* _WORK TO BE COMPLETED_
Output, exactly and in full, only the lines from the one containing "Antique floral pitcher" to the last line of the data. Pictures should not appear.

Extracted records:
▬▬▬▬▬▬▬▬▬▬

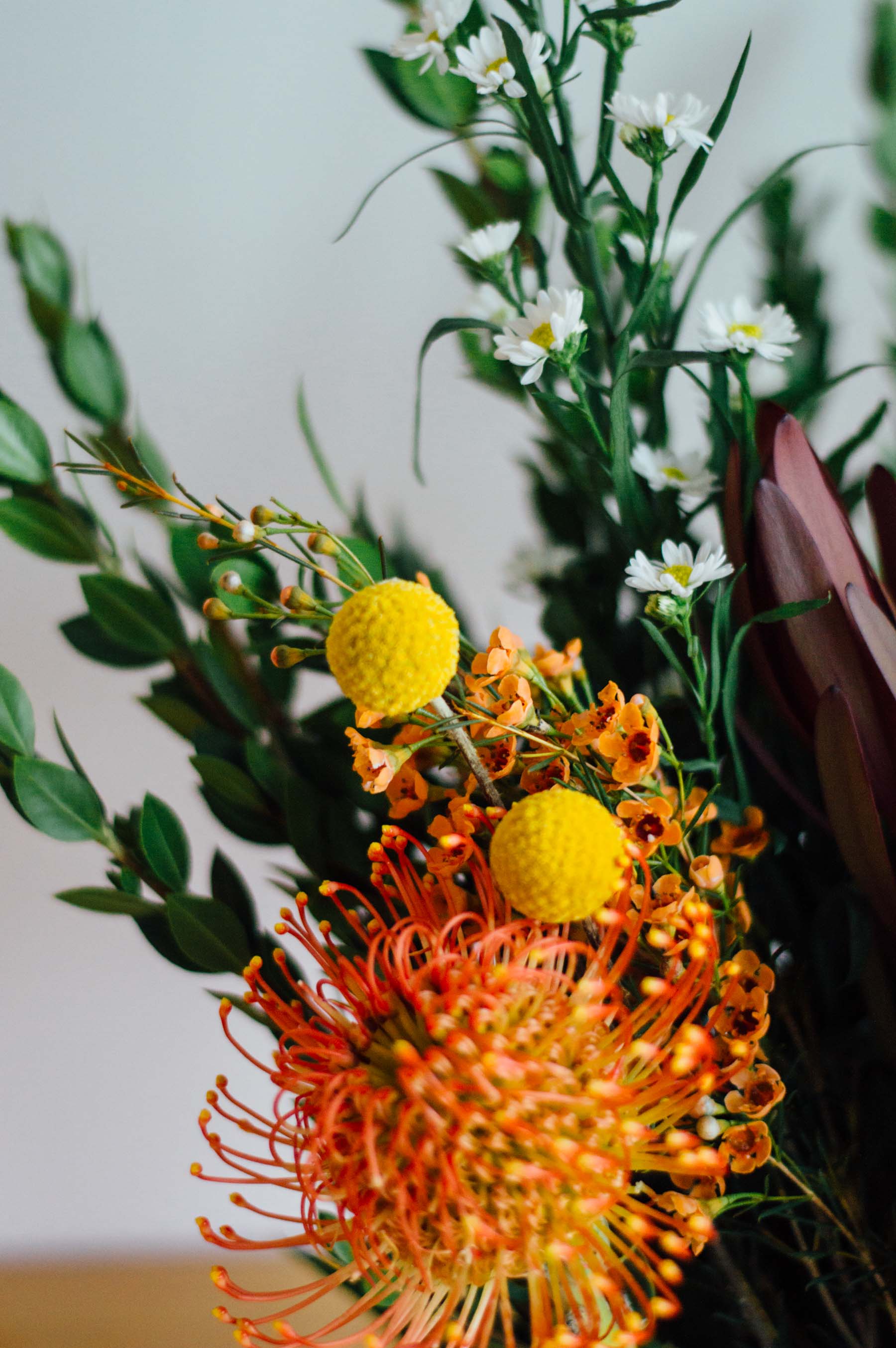Easy DIY project: An autumn-inspired floral arrangement under $50 | bygabriella.co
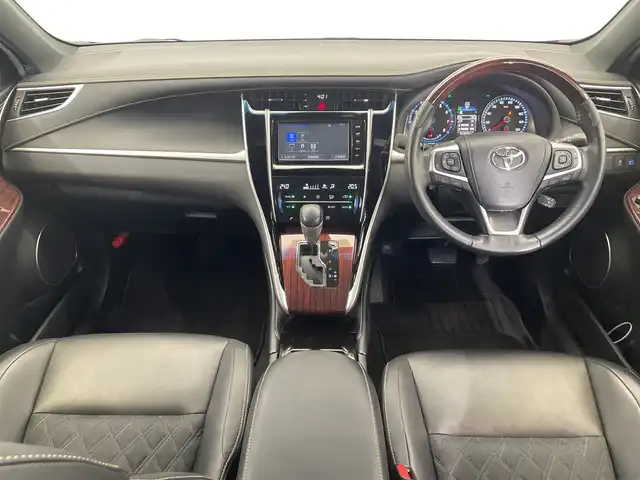 トヨタ ハリアー プレミアム 栃木県 2016(平28)年 3.4万km ダークブラウンM 純正ナビ(NSZT-W64)/(フルセグTV・Bluetooth・CD・DVD・SD)/バックカメラ/トヨタセーフティセンス/ ・プリクラッシュセーフティ/ ・レーンキープアシスト/ ・オートクルーズコントロール/ ・オートハイビーム/前後コーナーセンサー/MTモード付AT/前後ドライブレコーダー/電動リアゲート/ハーフレザーシート/運転席パワーシート/LEDヘッドライト/オートライト/フロントフォグランプ/純正アルミホイール/純正フロアマット/スマートキー/ドアバイザー/取扱説明書/保証書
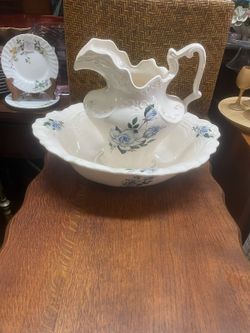 Antique floral pitcher and bowl vase Victorian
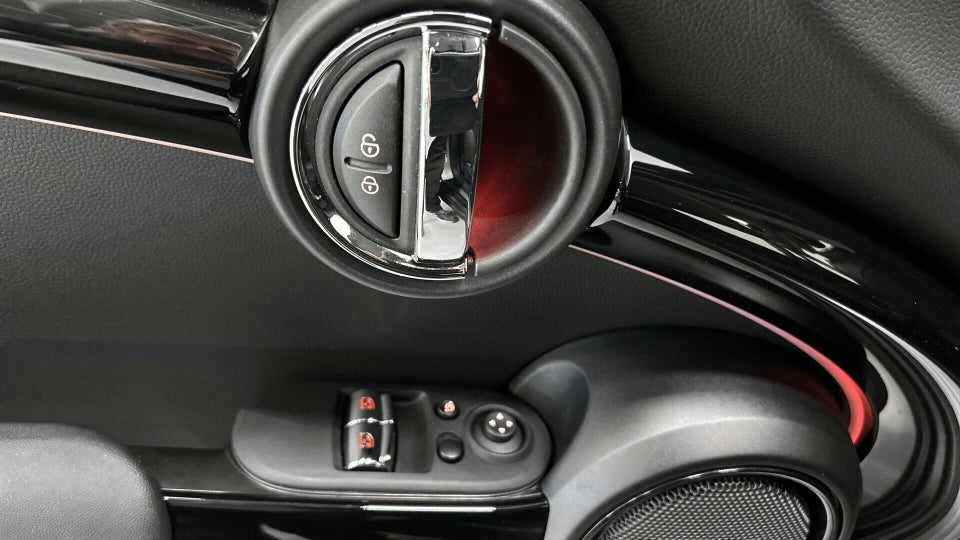 MINI Cooper SE Essential 3d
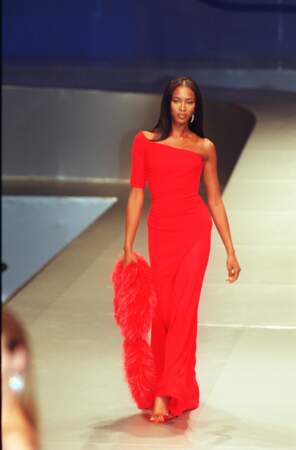 Naomi Campbell pour Valentino en 1998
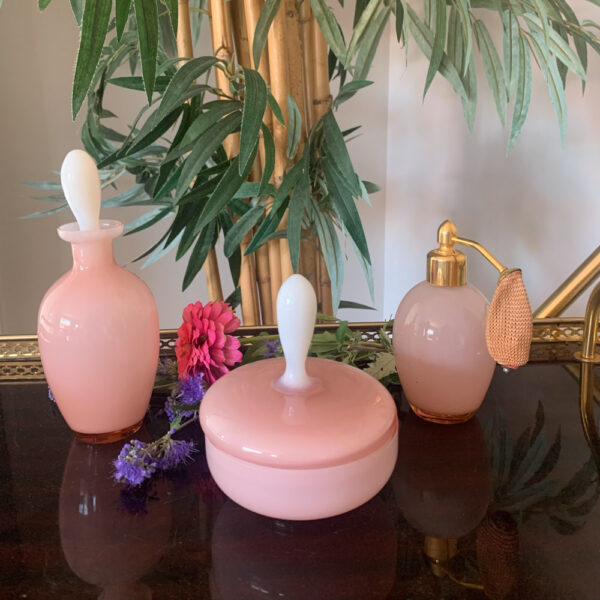 ensemble de pots de salle de bains en opaline rose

▬▬▬▬▬▬▬▬▬▬

* _ANSWER BOX_
 Antique floral pitcher and bowl vase Victorian
 MINI Cooper SE Essential 3d
 Naomi Campbell pour Valentino en 1998
 ensemble de pots de salle de bains en opaline rose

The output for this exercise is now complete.